As for asking "Well, what do you think?" I would be willing to bet that this is the preceptor's way of discerning your own thought pattern and to know where exactly your knowledge deficit is...not to mention a great way to help you learn to think critically. :yes: It's kind of like when students post here with their homework questions C&P'd; among the first replies, you will read something like: "We're happy to help, but we won't do your homework for you. What has your research revealed?"

If they're offering you another month of orientation, personally I would take that opportunity and throw everything I had into it. Actually for my current ICU position (a very high acuity unit--level 1 trauma center, stroke center, PCI center...although most of the cath lab pts go to cardiac stepdown vs. SICU, but I digress) I got 32 shifts of floor orientation. And I was treated as a new ICU nurse, although I had previous ICU experience, because I had been out for some years. It can be done.

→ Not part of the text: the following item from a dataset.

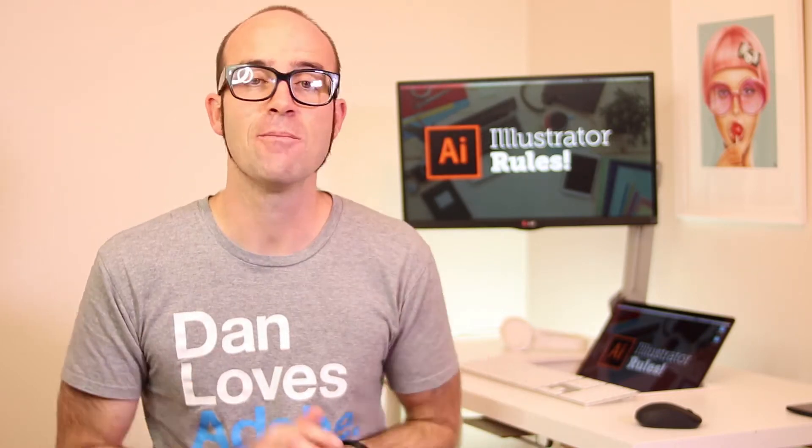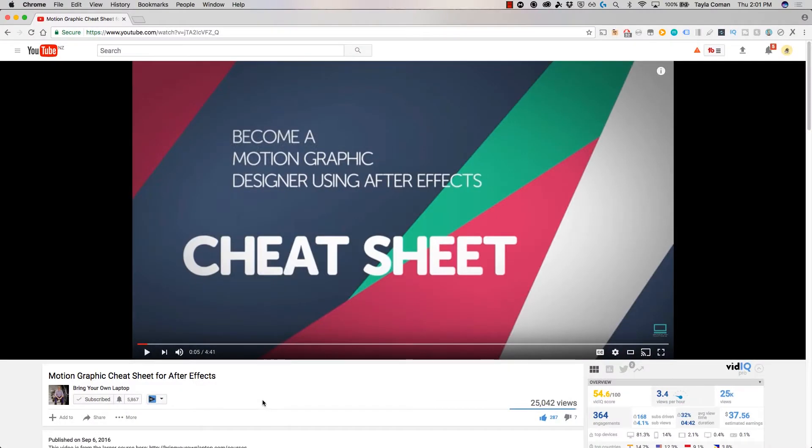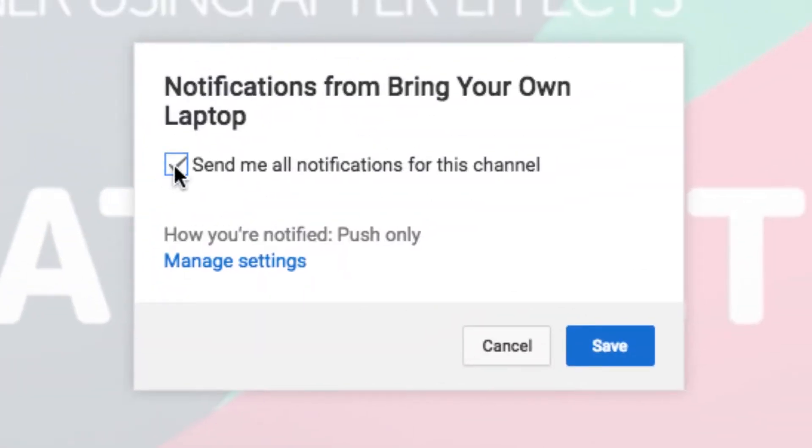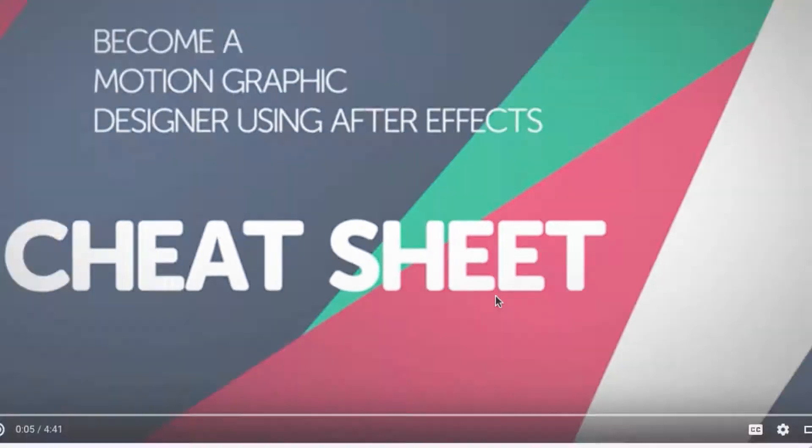There's lots of free stuff here on my channel. Please subscribe and hit the little bell next to the subscribe button to get notifications. If you want more, loads more, check out bringyourownlaptop.com or check out the link in the description.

But if in the end it doesn't work out, at least you know you've tried everything. And there's no shame in needing to gain some experience in med-surg before moving to the ICU. Actually a big school of thought is that it's a good idea to work in med-surg for a yr or two right out of school. It doesn't mean that you're just not cut out for the ICU; it means you're a new nurse and have a huge learning curve.

Here.I.Stand, BSN, RN

Specializes in SICU, trauma, neuro. Has 16 years experience.

Wait, 3 patients in the ICU???!? That explains some difficulty. :nailbiting:

You know, 3 patient's seems to be the norm for a lot of units I have heard of. Only a few local units I hear normally keep a 2:1 ratio. It doesn't change the fact that I was getting my arse kicked that night. haha. I started off on nights barely being able to keep up with one, then barely keeping up with two, then taking two comfortably..... After taking the two comfortably, they decided to throw 3 on me,and that was where my latest evaluation came from. Unfortunately for me, 3 patient's seems to be the norm in that unit as of late.

icuRNmaggie, BSN, RN

Specializes in MICU, SICU, CICU. Has 24 years experience.

You have not worked with your preceptor in two weeks. Are you off of orientation?